There are many good reasons for protecting forests, from their intrinsic beauty to their ecologic and economic values. Tropical forests are storehouses of biodiversity, harboring more than one-half of the Earth’s known plants and animal species. And nearly 1 billion people worldwide directly depend on forest resources — fiber, fuel, food and clean water — for their livelihoods and well-being.
Forest destruction produces about 15 percent of the world’s manmade global carbon emissions — more carbon pollution than the entire global transportation sector. It is the primary source of emissions in two of the top five carbon-emitting countries: Brazil and Indonesia. Forests function as a natural air conditioner, pulling carbon from the atmosphere while cleaning and cooling our air. Yet each year more than 32 million acres of the world’s forests are destroyed — an area about the size of New York state.
The figures speak for themselves. When done right, reducing emissions from deforestation and forest degradation (known as “REDD+” in policymakers’ jargon) can be a triple win for nature, people and our world’s climate.
But REDD+ does have its critics. As head of The Nature Conservancy, it’s easy for me to explain why my organization wants to reduce deforestation. However, some question why we support another part of the REDD+ equation — improving forest management for the sustainable harvesting of wood. Why create incentives for cutting down trees?
Again, let’s turn to the numbers. Destructive logging practices, many of them illegal, are one of the most serious drivers of forest loss and resulting emissions. Research has shown that that transitioning from destructive logging to low-impact harvesting practices can reduce damage to forests and lower carbon emissions by 30-50% while delivering the same supply of timber. Simply put, better forestry can be good for our climate.
In addition, encouraging smart replanting where logging has already occurred is an important part of keeping forests viable in the long term — for local communities, forest-dwelling species and future generations.

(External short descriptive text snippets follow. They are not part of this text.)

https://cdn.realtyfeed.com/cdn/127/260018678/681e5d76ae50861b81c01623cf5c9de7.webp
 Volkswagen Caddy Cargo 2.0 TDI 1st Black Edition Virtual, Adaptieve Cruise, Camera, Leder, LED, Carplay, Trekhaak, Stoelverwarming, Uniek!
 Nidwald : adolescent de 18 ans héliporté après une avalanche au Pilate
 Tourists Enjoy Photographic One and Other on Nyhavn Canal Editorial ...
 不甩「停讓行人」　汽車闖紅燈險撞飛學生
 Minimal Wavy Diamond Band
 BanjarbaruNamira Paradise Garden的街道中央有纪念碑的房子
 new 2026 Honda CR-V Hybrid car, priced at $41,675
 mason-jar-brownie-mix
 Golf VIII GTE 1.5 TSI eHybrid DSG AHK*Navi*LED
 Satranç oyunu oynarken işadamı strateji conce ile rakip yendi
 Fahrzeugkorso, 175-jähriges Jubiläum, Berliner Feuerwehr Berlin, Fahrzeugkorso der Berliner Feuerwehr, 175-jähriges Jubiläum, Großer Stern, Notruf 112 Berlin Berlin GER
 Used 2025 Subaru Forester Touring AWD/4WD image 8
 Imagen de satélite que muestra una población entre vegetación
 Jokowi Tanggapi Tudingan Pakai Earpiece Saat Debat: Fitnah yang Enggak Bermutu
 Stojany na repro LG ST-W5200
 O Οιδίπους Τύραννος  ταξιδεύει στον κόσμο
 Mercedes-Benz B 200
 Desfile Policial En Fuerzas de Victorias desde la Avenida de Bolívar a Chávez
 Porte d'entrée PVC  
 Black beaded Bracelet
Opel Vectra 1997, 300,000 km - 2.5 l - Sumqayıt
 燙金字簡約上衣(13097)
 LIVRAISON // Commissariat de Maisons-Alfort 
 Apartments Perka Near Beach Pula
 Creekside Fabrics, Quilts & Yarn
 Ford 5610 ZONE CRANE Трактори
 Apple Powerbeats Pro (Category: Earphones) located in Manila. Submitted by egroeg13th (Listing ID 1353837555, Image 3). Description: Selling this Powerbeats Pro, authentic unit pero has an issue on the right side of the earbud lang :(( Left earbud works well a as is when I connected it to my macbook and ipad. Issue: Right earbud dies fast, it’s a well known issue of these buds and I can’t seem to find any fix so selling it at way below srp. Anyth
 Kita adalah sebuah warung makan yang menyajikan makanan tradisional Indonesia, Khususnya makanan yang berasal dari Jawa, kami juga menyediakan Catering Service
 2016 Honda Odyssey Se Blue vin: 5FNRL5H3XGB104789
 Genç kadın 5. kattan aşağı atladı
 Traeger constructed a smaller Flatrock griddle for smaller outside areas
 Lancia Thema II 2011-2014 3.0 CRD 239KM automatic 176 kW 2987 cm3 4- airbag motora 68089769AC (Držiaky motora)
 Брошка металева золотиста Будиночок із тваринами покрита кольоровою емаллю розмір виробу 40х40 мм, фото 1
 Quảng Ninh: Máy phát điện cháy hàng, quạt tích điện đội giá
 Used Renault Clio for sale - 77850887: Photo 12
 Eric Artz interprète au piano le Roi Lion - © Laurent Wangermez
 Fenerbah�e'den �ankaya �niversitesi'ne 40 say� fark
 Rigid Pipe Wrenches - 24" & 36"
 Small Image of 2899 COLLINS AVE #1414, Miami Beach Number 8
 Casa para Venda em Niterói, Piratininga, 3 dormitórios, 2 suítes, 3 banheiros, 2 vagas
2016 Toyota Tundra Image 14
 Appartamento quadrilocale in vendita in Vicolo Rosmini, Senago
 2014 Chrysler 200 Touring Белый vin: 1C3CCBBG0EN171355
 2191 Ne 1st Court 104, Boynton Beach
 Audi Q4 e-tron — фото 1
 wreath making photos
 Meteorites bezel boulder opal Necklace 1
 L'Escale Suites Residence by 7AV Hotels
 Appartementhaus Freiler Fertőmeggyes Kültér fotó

Finally, we also recognize that forestry activities today sustain millions of jobs around the world and provide people with wood and paper products. Recycling and development of non-timber alternatives can — and should — reduce demand for these goods, but well-managed forests and plantations also play an important role. They can provide a reliable, sustainable supply of paper and wood while diverting pressure away from pristine lands that contain the highest amount of carbon and serve as homes for endangered species and indigenous communities. And many of the world’s best-quality forests are managed by indigenous communities, who tend their land in low-impact ways while relying on its bounty for their livelihoods.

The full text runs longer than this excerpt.